In keeping with another policy agreed by the States, pensions will be increased at RPIX + one-third of the additional rate of increase in earnings, which, this year, is only 0.8%. The same rate will be applied to contributory benefits. Non-contributory benefits will be increased at the rate of RPIX only (0.6%). The rate of Family Allowance will be reduced from £15.90 to £13.50 per week in 2017, in keeping with the States’ decision to reallocate that funding towards provision of universal preschool education.
The biggest disappointment, on the part of my Committee, is the fact that the States approved the report of the Social Welfare Benefits Investigation Committee in March and no progress has been made on finding the funds to implement it – meaning the earliest possible start date, now, is 2018. The changes were meant to ensure that income support for the poorest households lifted them above an intolerable level of hardship. For many of us, that kind of need only crosses our radar when we get involved with individual casework at our parishioners’ request – however, it’s more widespread than we realise: in my Budget and Benefits analysis, I found that one in five households here lives on less than £17,800 a year – many of whom are pensioners – and even households with income into the £20,000s may need some additional support if there are children involved.
As discussed here, I will also be challenging propositions 23 and 24 of my Committee’s report, which seek to impose a five-year residence requirement on people in certain parts of the Open Market before providing any access to support.
Legislation Laid Before the States
The items in this section are statutory instruments (orders and regulations) which are agreed and put into action by individual Committees of the States, in line with their powers and duties.
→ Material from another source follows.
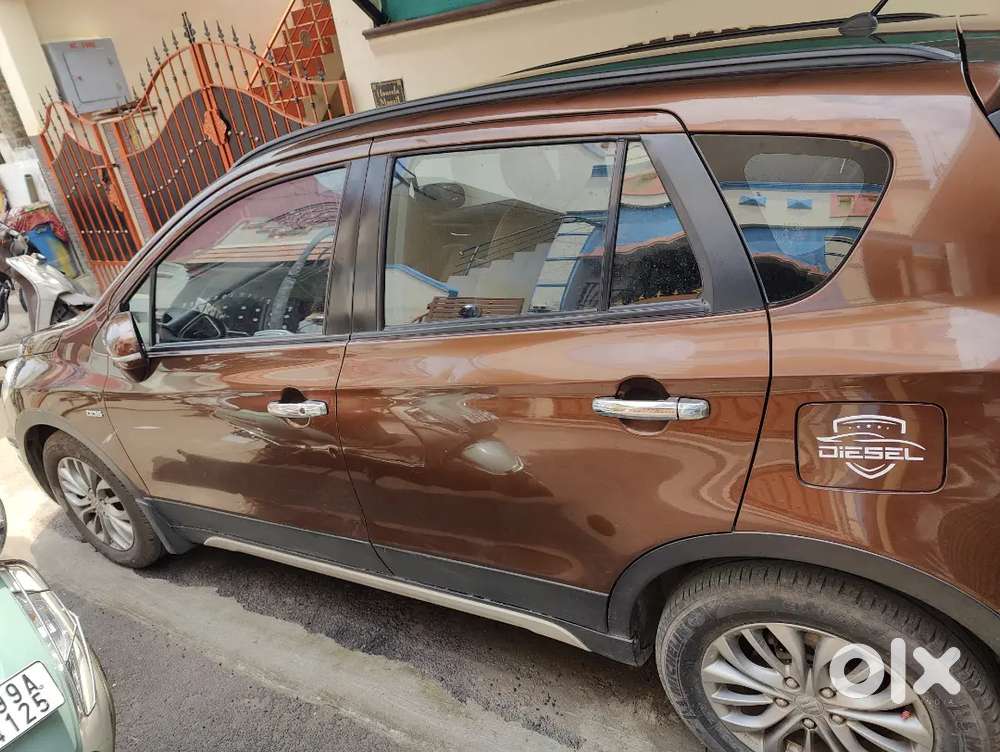 Genuine Vehicle Company Service Record Neat And Clean  Mileage 25 Km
The States do not have to approve these (they are in force from the moment the relevant Committee decides) but we do have the power to annul a statutory instrument if we don’t agree with it. This would be quite an unusual move. There won’t be any debate about these items unless there is a motion to annul one of them.
This month there are two regulations made by the Committee for Employment & Social Security to amend the list of items which can be prescribed locally, and to update the prescription forms used by doctors and dentists.
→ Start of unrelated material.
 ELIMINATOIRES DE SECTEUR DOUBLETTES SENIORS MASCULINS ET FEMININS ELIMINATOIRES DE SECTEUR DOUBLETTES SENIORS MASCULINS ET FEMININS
This law creates a complaints process for people whose homes are affected by a neighbour’s high hedge blocking out the light. Under the law, the Development & Planning Authority will be able to direct alterations to those hedges (including a reduction in height down to two metres, but not less) in order to reduce their negative impact, if the complaint is upheld. There will also be an opportunity for the owner of the hedge to make representations and, if need be, to appeal.
This ordinance makes some amendments to the income tax law, including: giving the Director of Income Tax the authority to notify people that they don’t have to submit a tax return, when all their income is taxed at source; to remove the right of appeal against interim assessments (but maintaining the right to appeal against decisions of the Director of Income Tax); and to make it possible for a ‘reward scheme’ to be set up for people who provide information to Income Tax which leads to the recovery of unpaid taxes. It also provides for people to receive Guernsey income tax allowances in connection with their Guernsey old age pension, even if they are not resident in the island.
This tweaks the Financial Services Ombudsman law to make sure that terms in the legislation which relate to the Guernsey financial services sector can also be read as relating to the Jersey equivalents, in light of the fact that the function is shared between the two islands.
This ordinance provides that the Committee for Home Affairs will appoint the members of the Independent Prison Monitoring Panel, with States’ approval, and allows for public sector employees to become members of the Panel.